La scrittrice statunitense di origini indiane ha imparato fin da piccola come gli abiti si facciano portavoce della nostra identità, cultura, appartenenza. Lo ha imparato quando, per compiacere la madre, era costretta a indossare vesti tradizionali bengalesi che la facevano sentire derisa e non accettata. O quando, in visita in India, la sua diversità balzava immediatamente agli occhi attraverso tessuti e tagli, etichettandola come straniera.
L’abito fornisce spesso un primo giudizio sulla persona che lo indossa, indicandone il gusto, la personalità, lo stato sociale. Allo stesso modo, una copertina sgargiante fa allontanare immediatamente il lettore in cerca di contenuti profondi, così come una grafica austera impedirebbe all’amante del rosa di riconoscere il proprio genere preferito.
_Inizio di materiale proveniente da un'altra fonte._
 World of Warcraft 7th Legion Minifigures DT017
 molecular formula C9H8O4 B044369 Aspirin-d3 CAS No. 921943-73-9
La copertina, quindi, come il primo vestito di un libro, dovrebbe essere capace di tradurre fedelmente in immagine il significato delle parole, dando una corretta interpretazione visiva e promozionale del testo.
La copertina oggi, però, non deve solo rispecchiare il senso e lo stile di un romanzo, ma assume un ruolo sempre più commerciale. Deve abbellire la vetrina e catturare l’attenzione del lettore distratto, arricchendosi di dati di tiratura, premi e riconoscimenti dell’autore, citazioni di recensioni positive.
Ma che succede quando uno scrittore non riconosce nel vestito scelto dagli editori l’identità del proprio scritto? Non sarebbe allora preferibile una divisa capace di distogliere l’attenzione dalla veste per concentrarsi sulle nude parole, come nelle collane? La copertina è davvero irrilevante rispetto al libro o ne è una sua componente vitale?
Forse entrambe le cose. Questo breve saggio, pur non approfondendo esaustivamente il tema, offre diversi spunti di riflessione secondo l’interessante prospettiva di una donna lettrice e scrittrice, che nel corso degli anni ha visto spesso le proprie parole ammantate da brutte grafiche traditrici o da banali immagini stereotipate di elefanti e mani dipinte con l’hennè.
Una lettura curiosa, da consigliare soprattutto a chi, come me, ha sempre pensato che le parole siano superiori all’involucro che le confeziona, sorridendo di fronte all’attenzione per le copertine presenti in molti blog di lettura.